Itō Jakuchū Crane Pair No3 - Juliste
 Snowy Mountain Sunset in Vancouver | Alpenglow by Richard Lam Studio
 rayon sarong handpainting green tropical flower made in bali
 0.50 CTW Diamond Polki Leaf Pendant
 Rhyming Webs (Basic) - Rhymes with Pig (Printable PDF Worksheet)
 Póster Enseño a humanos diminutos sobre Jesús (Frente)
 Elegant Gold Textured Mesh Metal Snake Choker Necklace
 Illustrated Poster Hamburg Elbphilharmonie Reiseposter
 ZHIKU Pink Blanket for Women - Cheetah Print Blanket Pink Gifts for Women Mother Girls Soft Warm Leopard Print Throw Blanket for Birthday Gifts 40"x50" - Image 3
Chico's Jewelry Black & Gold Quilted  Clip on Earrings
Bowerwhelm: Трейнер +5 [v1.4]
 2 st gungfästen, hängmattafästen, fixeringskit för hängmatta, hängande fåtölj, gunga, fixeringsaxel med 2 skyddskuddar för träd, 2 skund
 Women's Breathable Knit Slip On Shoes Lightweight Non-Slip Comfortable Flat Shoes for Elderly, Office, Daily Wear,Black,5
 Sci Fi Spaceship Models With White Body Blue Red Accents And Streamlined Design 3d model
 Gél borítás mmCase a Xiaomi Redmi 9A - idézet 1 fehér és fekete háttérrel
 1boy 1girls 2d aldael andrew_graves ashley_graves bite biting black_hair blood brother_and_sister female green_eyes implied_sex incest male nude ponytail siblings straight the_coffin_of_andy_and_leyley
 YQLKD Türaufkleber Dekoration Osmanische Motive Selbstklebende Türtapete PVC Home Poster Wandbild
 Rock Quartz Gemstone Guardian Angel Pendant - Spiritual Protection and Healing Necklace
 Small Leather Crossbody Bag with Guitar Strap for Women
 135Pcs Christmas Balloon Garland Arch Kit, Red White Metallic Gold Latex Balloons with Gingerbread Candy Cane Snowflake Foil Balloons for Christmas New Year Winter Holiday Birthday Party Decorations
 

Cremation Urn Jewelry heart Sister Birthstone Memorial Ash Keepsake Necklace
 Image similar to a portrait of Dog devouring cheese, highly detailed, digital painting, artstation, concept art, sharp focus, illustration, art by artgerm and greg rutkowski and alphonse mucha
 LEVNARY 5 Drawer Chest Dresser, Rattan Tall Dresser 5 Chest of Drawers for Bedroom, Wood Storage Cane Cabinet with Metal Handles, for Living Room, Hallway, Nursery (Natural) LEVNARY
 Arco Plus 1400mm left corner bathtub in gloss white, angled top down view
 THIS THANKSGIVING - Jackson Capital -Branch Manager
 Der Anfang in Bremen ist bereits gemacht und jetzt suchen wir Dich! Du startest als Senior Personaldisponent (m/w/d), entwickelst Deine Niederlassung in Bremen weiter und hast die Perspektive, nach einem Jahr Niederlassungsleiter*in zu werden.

--- PROBLEM DESCRIPTION ---
The expected result is a copy of each line in the records where "Image" appears.

--- RESPONSE TO THIS TASK ---
 ZHIKU Pink Blanket for Women - Cheetah Print Blanket Pink Gifts for Women Mother Girls Soft Warm Leopard Print Throw Blanket for Birthday Gifts 40"x50" - Image 3
 Image similar to a portrait of Dog devouring cheese, highly detailed, digital painting, artstation, concept art, sharp focus, illustration, art by artgerm and greg rutkowski and alphonse mucha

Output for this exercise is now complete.